ECLI:NL:RBDHA:2025:12209
Rechtbank Den Haag
- Eerste aanleg - enkelvoudig
- Rechtspraak.nl
Niet-ontvankelijkheid van beroep wegens niet-betaling griffierecht
In deze zaak heeft de Rechtbank Den Haag op 27 juni 2025 uitspraak gedaan in een beroep van eiser tegen een besluit van de minister van Asiel en Migratie, gedateerd 27 maart 2025. Eiser, vertegenwoordigd door mr. A.E. Martinez Linnemann, heeft zijn beroep ingesteld, maar heeft verzuimd het vereiste griffierecht van € 194,- te betalen. De rechtbank heeft in haar overwegingen uiteengezet dat het niet betalen van het griffierecht leidt tot niet-ontvankelijkheid van het beroep, zoals vastgelegd in artikel 8:41 van de Algemene wet bestuursrecht (Awb).

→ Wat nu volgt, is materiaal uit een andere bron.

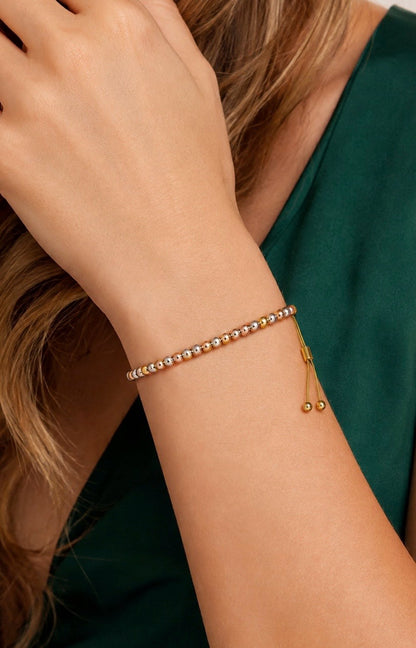 RA3830 - PULSERA EN RODIO TRES TONOS BALÍN #5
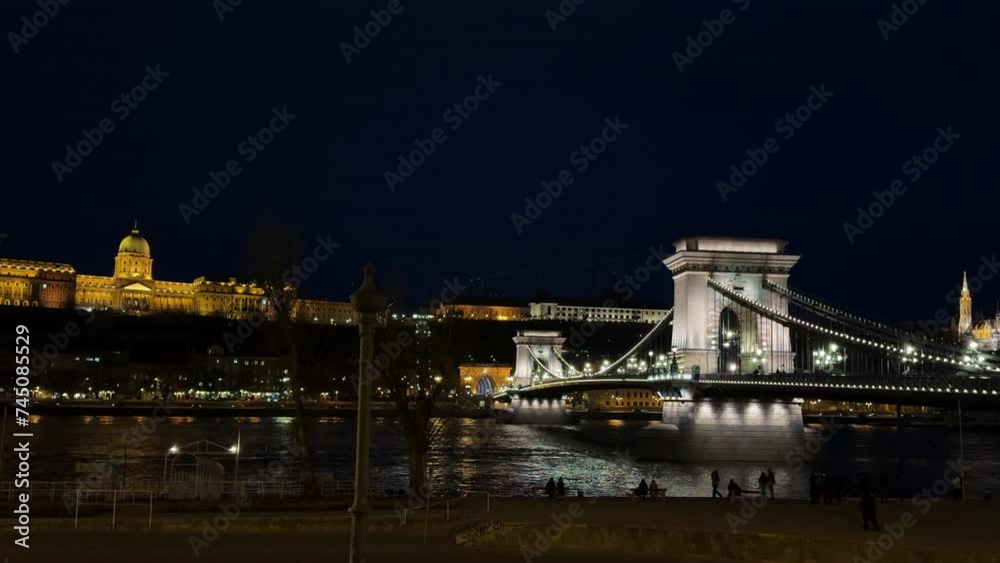 City chain bridge at night. View of the historic bridge at night. Budapest, Hungary City chain bridge at night. View of the historic bridge at night. Budapest, Hungary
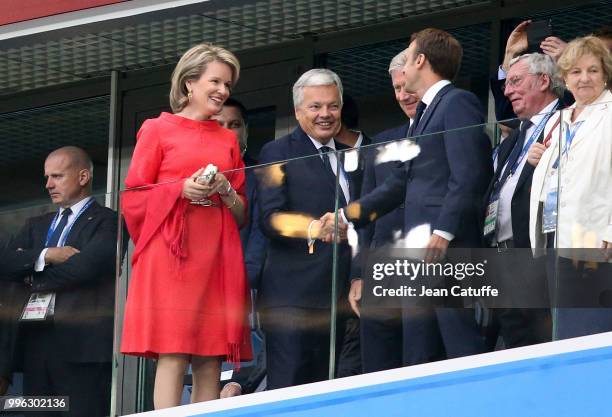 Queen Mathilde of Belgium, King Philippe of Belgium, Vice Prime Minister of Belgium and Foreign Affairs Minister Didier Reynders saluting President...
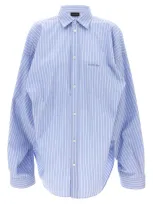 Balenciaga Cut Up Stripe Asymmetric Oversize Cotton Button-up Shirt In Blue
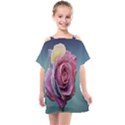 Rose Flower Love Romance Beautiful Kids  One Piece Chiffon Dress View1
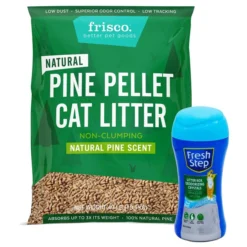 Fresh Step||Frisco Fresh Step Fresh Scent Cat Litter Deodorizing Crystals, 15-oz bottle & Frisco Pine Pellet Unscented Non-Clumping Wood Cat Litter, 40-lb bag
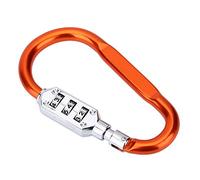 VGEBY Serrure à Mousqueton à Code de Sac Voyages Antivol Bagage Anneau D en Aluminium Combinaison Cadenas Mousqueton Crochet pour Camping Extérieur (Couleur : Orange)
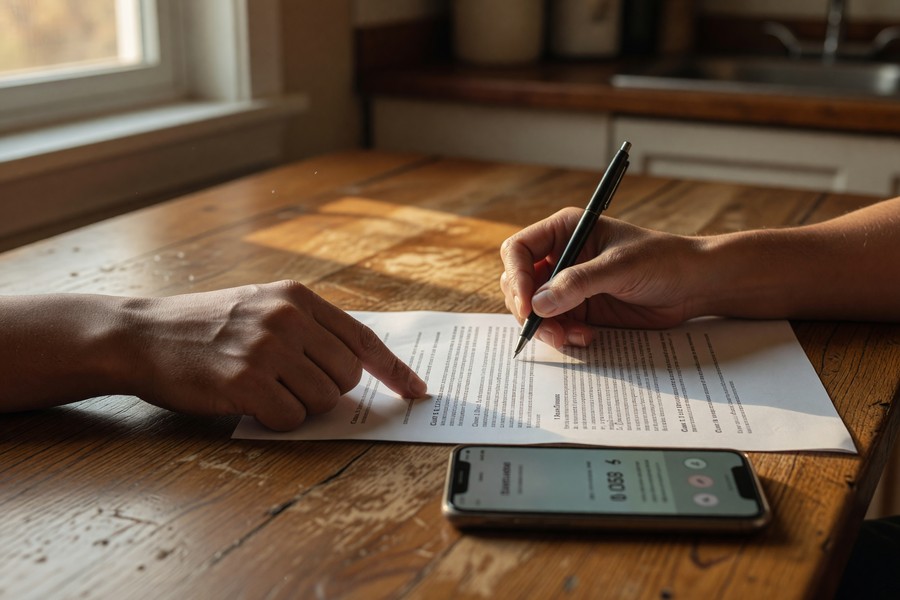 Homeowner on phone with insurance agent reviewing renovation plans and policy documents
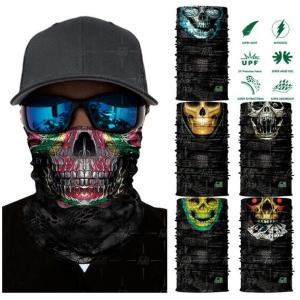 custom made digital sublimation polyester colorfast printed bandana,custom headwear printed seamless neck tube polyester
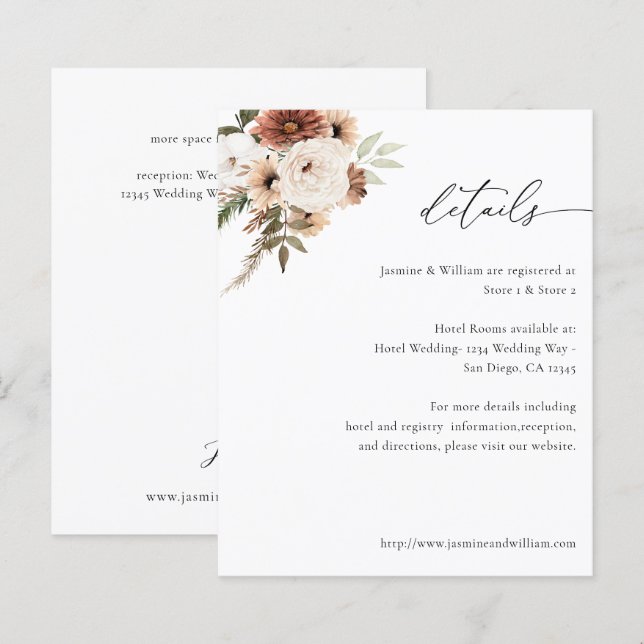 Lámina Detalles del Boho Floral Rústico Neutral Presupues (Anverso / Reverso)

De rechtbank heeft eiser op 2 mei 2025 een aangetekende brief gestuurd met de mededeling dat het griffierecht binnen vier weken betaald moest worden. Aangezien de rechtbank geen betaling heeft ontvangen en eiser geen geldige reden heeft opgegeven voor het uitblijven van de betaling, heeft de rechtbank besloten het beroep niet inhoudelijk te behandelen. De rechtbank heeft vastgesteld dat er geen omstandigheden zijn die het niet betalen van het griffierecht rechtvaardigen.
De rechtbank heeft daarom het beroep van eiser kennelijk niet-ontvankelijk verklaard, wat betekent dat er geen inhoudelijke beoordeling van de zaak zal plaatsvinden. Eiser krijgt geen gelijk en er wordt geen vergoeding van proceskosten toegekend. De uitspraak is openbaar gemaakt en eiser is geïnformeerd over de mogelijkheid om binnen zes weken een verzetschrift in te dienen als hij het niet eens is met deze uitspraak.